The museum said it “does not publicly repeat Dahal’s anti-Semitic statements”, but keeps a record of what he wrote and said in the museum’s collection “so it is not forgotten”.

The charity said it was working with a number of Jewish groups including the Board of Deputies of British Jews, the Jewish Leadership Council, the Community Security Trust and the Anti-Semitism Policy Trust to develop resources for schools.

It will include free educational material for primary students that will encourage them to explore the United Nations Convention on the Rights of the Child (UNCRC) through Dahl’s characters.

Board of Deputies President Marie van der Zyl “welcomed” the charity’s statement which was also placed on the museum’s wall.

‘Key Starting Point’

Ms van der Zyl said: “The new statements – in his internal gallery and on his website – are an important starting point in providing the full story of a man whose work is enjoyed by millions.

“I look forward to working more closely with the museum to raise awareness of this issue and find more ways to educate about anti-Jewish hatred.”

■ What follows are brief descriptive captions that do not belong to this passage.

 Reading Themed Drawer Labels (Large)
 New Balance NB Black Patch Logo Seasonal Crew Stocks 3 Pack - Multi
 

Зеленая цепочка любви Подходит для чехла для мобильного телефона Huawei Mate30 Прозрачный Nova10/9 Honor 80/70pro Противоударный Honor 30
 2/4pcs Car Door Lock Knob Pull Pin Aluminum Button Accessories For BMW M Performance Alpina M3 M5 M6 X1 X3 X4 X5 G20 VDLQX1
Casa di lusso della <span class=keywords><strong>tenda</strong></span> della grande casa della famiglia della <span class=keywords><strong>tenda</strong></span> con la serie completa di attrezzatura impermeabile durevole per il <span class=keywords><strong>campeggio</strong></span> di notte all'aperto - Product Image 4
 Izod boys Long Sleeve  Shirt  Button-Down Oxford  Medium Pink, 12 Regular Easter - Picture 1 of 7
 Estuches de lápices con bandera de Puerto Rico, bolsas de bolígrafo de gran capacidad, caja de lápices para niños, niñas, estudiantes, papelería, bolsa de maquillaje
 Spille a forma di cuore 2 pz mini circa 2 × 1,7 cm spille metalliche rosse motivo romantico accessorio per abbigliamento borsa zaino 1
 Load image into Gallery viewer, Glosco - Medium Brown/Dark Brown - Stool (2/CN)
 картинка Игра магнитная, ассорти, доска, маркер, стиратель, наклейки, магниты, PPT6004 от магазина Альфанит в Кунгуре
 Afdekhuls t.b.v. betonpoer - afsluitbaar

Close-up of colorful Roald Dahl book cover and spine bookshelf

In February, Puffin UK said it would keep Dahl’s work as intended. In print with the current version following criticism of a recent revision of his work to remove potentially offensive language.

The classic collection will sit alongside newly released Dahl books for young readers, which have been rewritten to “meet the sensibilities of a modern audience,” the publisher said.

The author of Charlie and the Chocolate Factory and Matilda died in 1990 at the age of 74.